> Task goal:
Please repeat the lines of the material below exactly, starting with the one that contains "1989 White Corn" and ending with the last.

> Records for processing:
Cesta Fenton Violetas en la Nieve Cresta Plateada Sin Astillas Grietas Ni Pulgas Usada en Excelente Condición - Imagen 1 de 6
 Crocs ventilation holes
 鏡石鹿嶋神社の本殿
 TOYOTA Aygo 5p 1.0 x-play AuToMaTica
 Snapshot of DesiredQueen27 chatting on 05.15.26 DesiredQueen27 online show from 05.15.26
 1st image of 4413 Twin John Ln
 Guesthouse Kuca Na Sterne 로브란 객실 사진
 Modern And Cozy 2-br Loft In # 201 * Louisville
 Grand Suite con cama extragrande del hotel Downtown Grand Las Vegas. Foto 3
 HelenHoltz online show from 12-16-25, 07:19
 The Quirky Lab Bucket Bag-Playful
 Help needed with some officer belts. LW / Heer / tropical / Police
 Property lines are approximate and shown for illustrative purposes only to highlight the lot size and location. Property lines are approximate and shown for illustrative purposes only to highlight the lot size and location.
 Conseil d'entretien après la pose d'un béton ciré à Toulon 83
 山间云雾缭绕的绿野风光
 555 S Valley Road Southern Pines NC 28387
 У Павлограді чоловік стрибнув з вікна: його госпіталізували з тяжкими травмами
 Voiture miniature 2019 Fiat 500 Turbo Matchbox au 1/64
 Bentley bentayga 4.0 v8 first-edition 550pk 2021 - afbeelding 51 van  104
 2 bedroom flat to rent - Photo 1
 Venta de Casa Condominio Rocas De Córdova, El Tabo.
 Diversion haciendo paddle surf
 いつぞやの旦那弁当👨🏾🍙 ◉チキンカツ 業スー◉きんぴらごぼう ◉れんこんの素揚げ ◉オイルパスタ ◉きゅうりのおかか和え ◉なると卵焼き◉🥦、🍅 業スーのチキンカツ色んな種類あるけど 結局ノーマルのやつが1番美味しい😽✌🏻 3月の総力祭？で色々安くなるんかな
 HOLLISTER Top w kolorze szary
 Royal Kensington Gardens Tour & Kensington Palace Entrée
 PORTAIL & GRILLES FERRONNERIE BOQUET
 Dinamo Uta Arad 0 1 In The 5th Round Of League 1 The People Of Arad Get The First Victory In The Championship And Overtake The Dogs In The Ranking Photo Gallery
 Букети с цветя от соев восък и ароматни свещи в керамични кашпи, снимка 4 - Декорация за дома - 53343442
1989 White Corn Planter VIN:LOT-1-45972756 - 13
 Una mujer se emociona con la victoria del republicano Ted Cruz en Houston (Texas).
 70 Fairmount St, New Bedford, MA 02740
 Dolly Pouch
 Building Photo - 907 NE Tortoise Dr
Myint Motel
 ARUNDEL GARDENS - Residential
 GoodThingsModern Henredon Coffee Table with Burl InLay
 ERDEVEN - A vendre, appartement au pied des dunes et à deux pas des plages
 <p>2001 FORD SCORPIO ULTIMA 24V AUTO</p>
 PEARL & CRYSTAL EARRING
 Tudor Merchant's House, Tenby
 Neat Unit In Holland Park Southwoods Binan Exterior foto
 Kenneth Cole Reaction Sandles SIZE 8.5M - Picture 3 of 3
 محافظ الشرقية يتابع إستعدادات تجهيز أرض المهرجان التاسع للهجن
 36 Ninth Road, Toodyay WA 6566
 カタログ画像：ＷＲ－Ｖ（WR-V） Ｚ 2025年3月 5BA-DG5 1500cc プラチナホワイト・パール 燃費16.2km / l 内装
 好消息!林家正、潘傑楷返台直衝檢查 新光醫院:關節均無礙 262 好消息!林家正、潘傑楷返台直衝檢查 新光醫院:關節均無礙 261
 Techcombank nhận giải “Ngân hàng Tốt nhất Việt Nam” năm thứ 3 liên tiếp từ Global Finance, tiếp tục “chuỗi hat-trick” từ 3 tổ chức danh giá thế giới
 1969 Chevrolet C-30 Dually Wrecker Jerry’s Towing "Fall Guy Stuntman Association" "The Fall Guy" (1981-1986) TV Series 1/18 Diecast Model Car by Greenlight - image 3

> Task output:
1989 White Corn Planter VIN:LOT-1-45972756 - 13
 Una mujer se emociona con la victoria del republicano Ted Cruz en Houston (Texas).
 70 Fairmount St, New Bedford, MA 02740
 Dolly Pouch
 Building Photo - 907 NE Tortoise Dr
Myint Motel
 ARUNDEL GARDENS - Residential
 GoodThingsModern Henredon Coffee Table with Burl InLay
 ERDEVEN - A vendre, appartement au pied des dunes et à deux pas des plages
 <p>2001 FORD SCORPIO ULTIMA 24V AUTO</p>
 PEARL & CRYSTAL EARRING
 Tudor Merchant's House, Tenby
 Neat Unit In Holland Park Southwoods Binan Exterior foto
 Kenneth Cole Reaction Sandles SIZE 8.5M - Picture 3 of 3
 محافظ الشرقية يتابع إستعدادات تجهيز أرض المهرجان التاسع للهجن
 36 Ninth Road, Toodyay WA 6566
 カタログ画像：ＷＲ－Ｖ（WR-V） Ｚ 2025年3月 5BA-DG5 1500cc プラチナホワイト・パール 燃費16.2km / l 内装
 好消息!林家正、潘傑楷返台直衝檢查 新光醫院:關節均無礙 262 好消息!林家正、潘傑楷返台直衝檢查 新光醫院:關節均無礙 261
 Techcombank nhận giải “Ngân hàng Tốt nhất Việt Nam” năm thứ 3 liên tiếp từ Global Finance, tiếp tục “chuỗi hat-trick” từ 3 tổ chức danh giá thế giới
 1969 Chevrolet C-30 Dually Wrecker Jerry’s Towing "Fall Guy Stuntman Association" "The Fall Guy" (1981-1986) TV Series 1/18 Diecast Model Car by Greenlight - image 3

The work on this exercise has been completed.